(INPUT DATA):
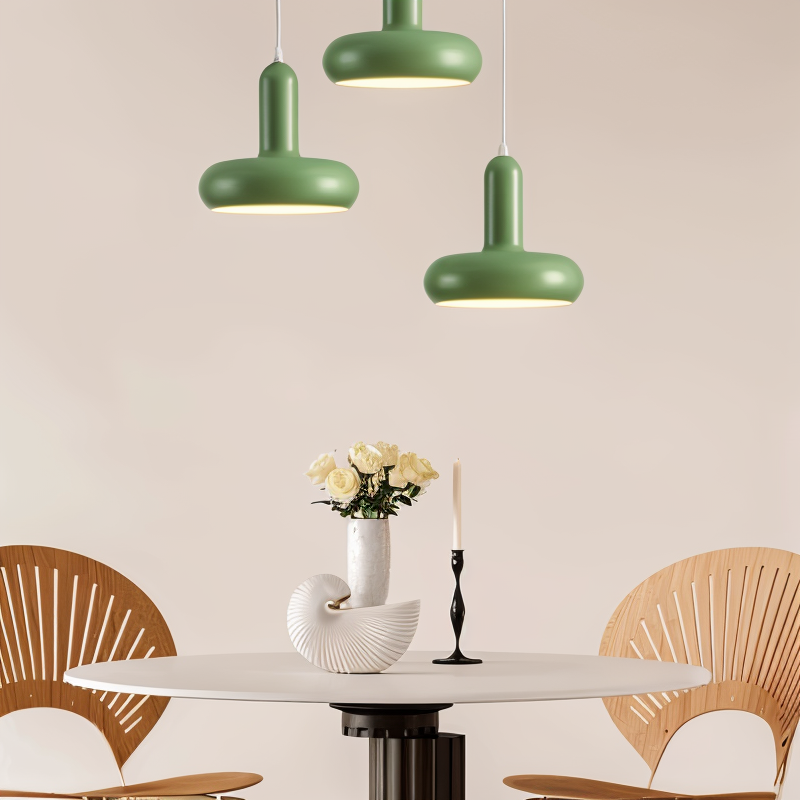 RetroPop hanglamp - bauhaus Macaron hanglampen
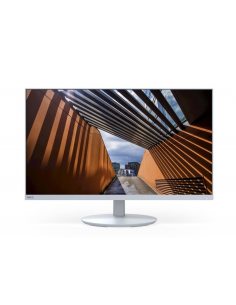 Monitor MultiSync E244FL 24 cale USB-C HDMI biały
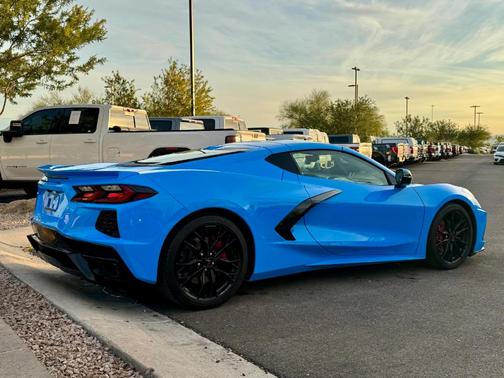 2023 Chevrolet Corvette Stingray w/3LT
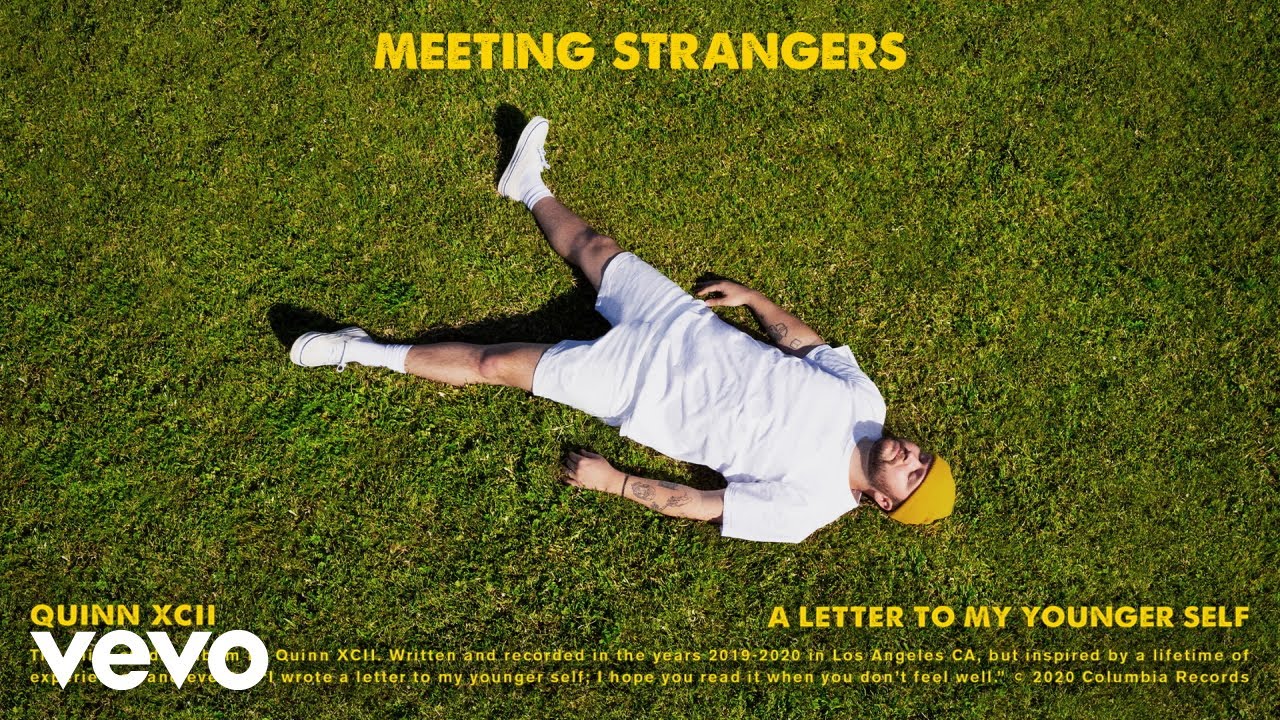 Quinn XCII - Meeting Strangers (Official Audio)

---

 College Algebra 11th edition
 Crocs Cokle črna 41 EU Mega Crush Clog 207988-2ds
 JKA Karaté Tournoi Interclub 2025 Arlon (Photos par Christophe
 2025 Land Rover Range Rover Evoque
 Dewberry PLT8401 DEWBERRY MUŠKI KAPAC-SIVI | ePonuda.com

==

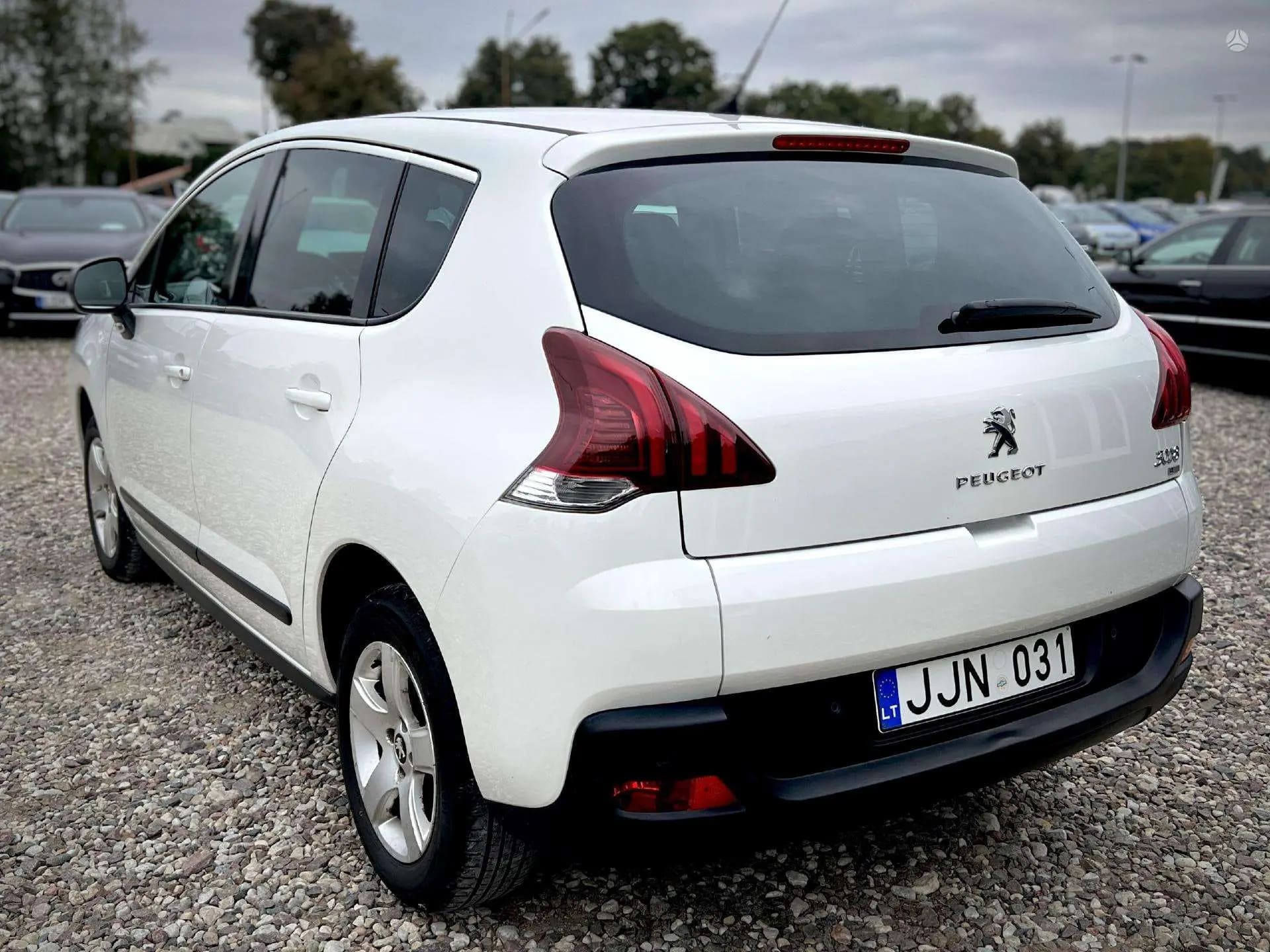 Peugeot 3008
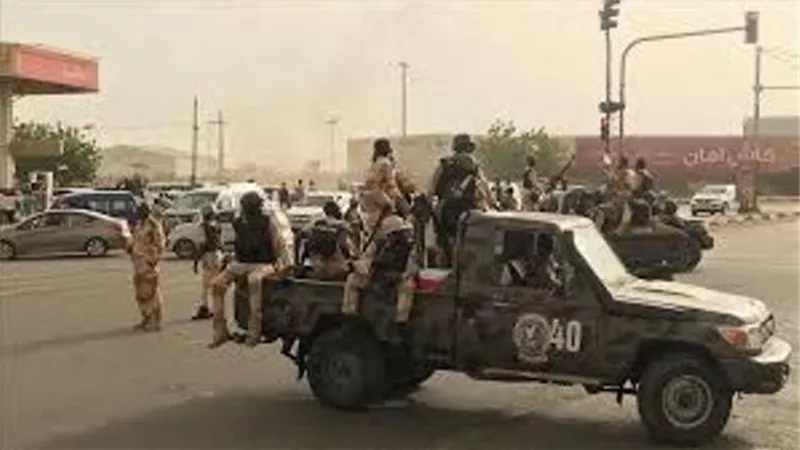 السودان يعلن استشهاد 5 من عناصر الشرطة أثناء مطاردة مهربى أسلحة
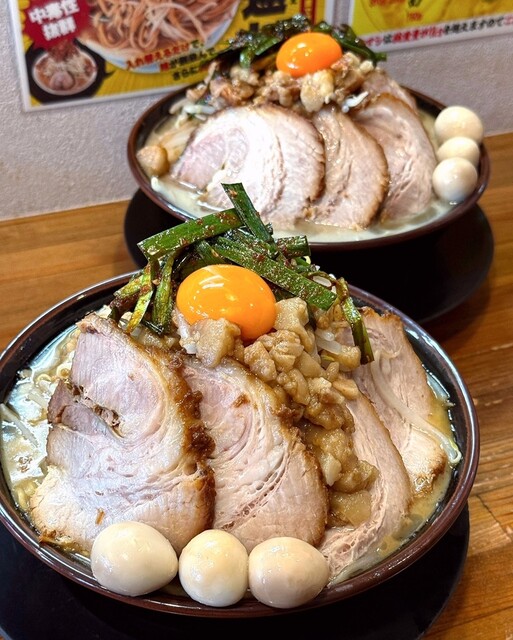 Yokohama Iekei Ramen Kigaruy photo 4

(THE TASK): Retype word for word everything in the listing above from the line that holds "Crocs Cokle črna" down to the line that holds "Dewberry PLT8401 DEWBERRY". Keep both end lines and leave out the rest.

(EXERCISE SOLUTION):
 Crocs Cokle črna 41 EU Mega Crush Clog 207988-2ds
 JKA Karaté Tournoi Interclub 2025 Arlon (Photos par Christophe
 2025 Land Rover Range Rover Evoque
 Dewberry PLT8401 DEWBERRY MUŠKI KAPAC-SIVI | ePonuda.com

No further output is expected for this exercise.